Work task —
Give again, exactly as written, the lines of the records below from the line with "Мойка кухонная из" to the line with "Revolutionary Steam Grooming Brush for Pets". Both end lines count; pictures do not.

Provided data —
[Start of Attachment]

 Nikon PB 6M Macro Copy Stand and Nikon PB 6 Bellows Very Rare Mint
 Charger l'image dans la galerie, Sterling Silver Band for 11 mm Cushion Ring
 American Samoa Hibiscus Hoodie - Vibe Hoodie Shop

[End of Attachment]
[Start of Attachment]

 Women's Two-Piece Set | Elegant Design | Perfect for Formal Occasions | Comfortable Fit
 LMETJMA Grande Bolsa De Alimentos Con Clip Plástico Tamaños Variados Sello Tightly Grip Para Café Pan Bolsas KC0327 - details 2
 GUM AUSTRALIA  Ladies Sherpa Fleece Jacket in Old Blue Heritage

[End of Attachment]
[Start of Attachment]

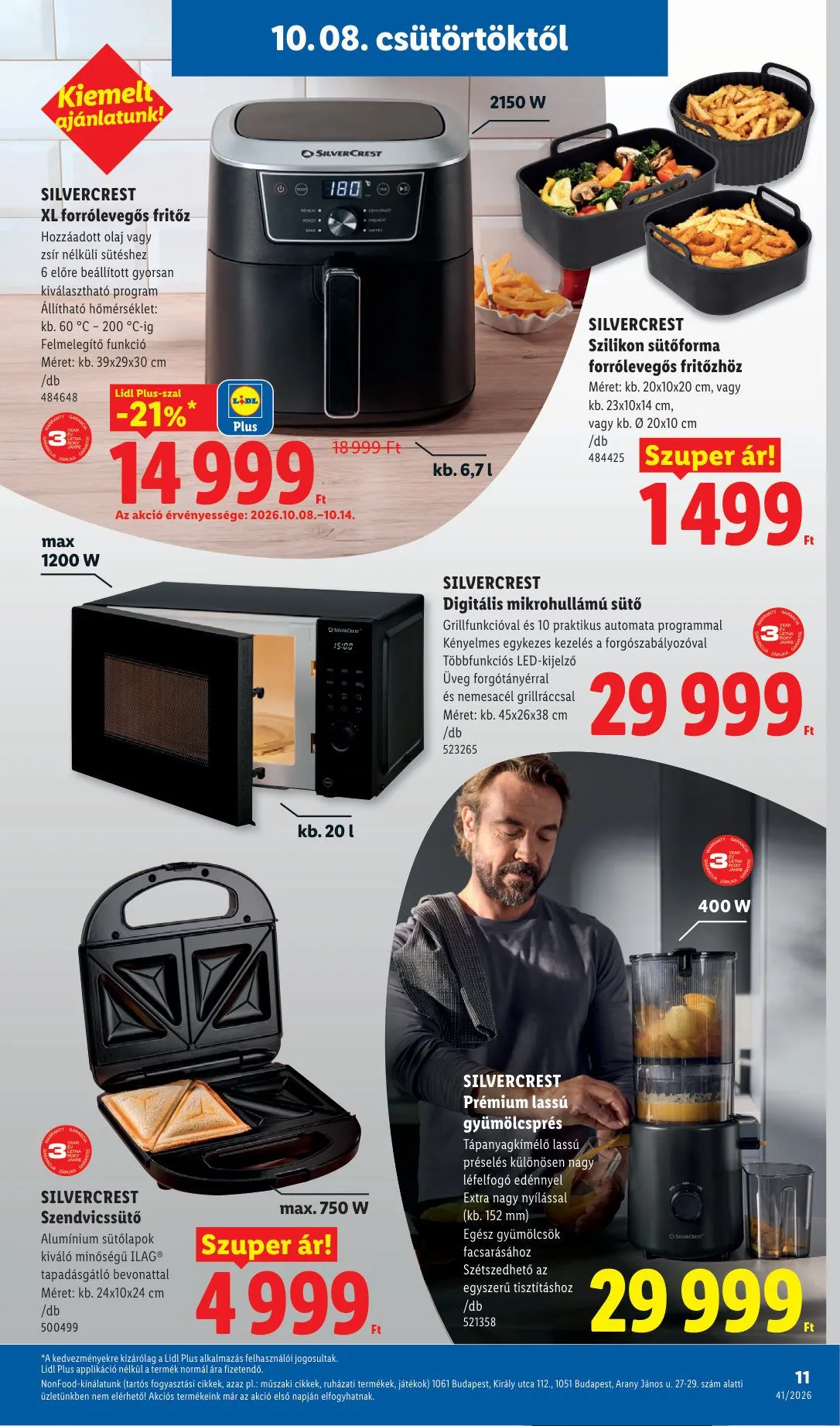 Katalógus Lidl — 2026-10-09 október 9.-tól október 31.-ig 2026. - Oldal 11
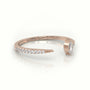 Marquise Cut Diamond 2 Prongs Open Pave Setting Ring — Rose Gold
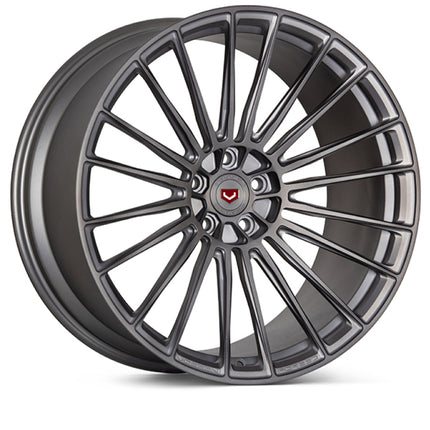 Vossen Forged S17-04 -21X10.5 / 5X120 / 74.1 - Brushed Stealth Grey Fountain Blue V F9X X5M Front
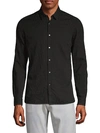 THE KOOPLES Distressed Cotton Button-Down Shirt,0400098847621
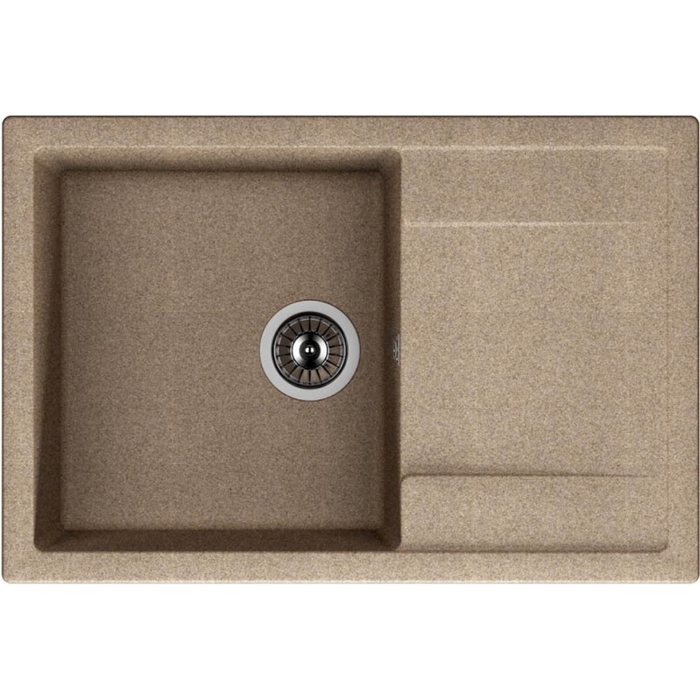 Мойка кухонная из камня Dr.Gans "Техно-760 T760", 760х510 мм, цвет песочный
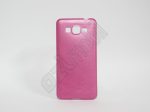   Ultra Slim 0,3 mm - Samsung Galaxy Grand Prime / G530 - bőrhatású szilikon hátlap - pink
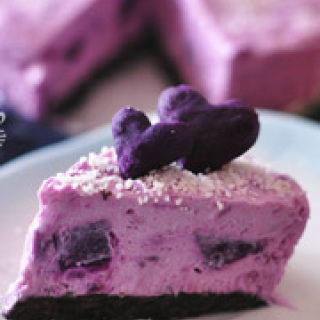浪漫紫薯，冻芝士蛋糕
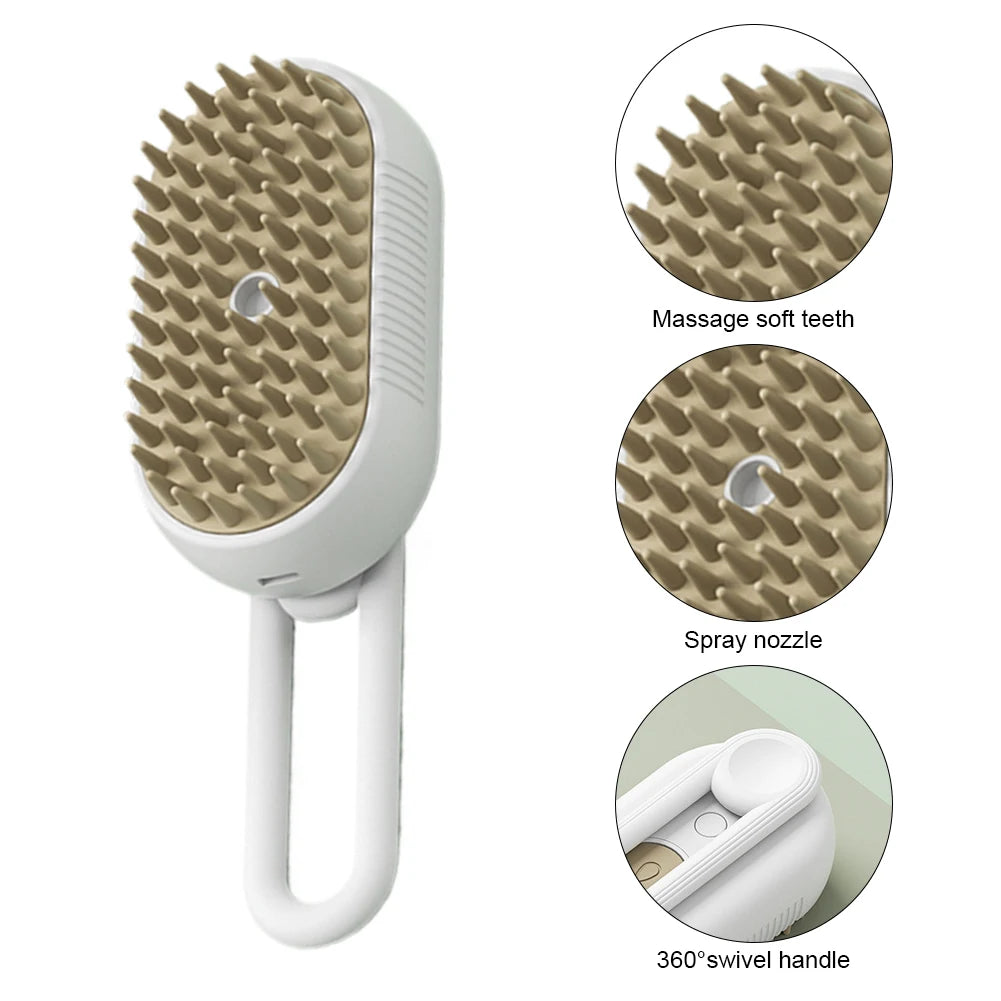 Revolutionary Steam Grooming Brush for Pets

[End of Attachment]

Solution —
 Мойка кухонная из камня Dr.Gans "Техно-760 T760", 760х510 мм, цвет песочный
   Ultra Slim 0,3 mm - Samsung Galaxy Grand Prime / G530 - bőrhatású szilikon hátlap - pink
浪漫紫薯，冻芝士蛋糕
 Revolutionary Steam Grooming Brush for Pets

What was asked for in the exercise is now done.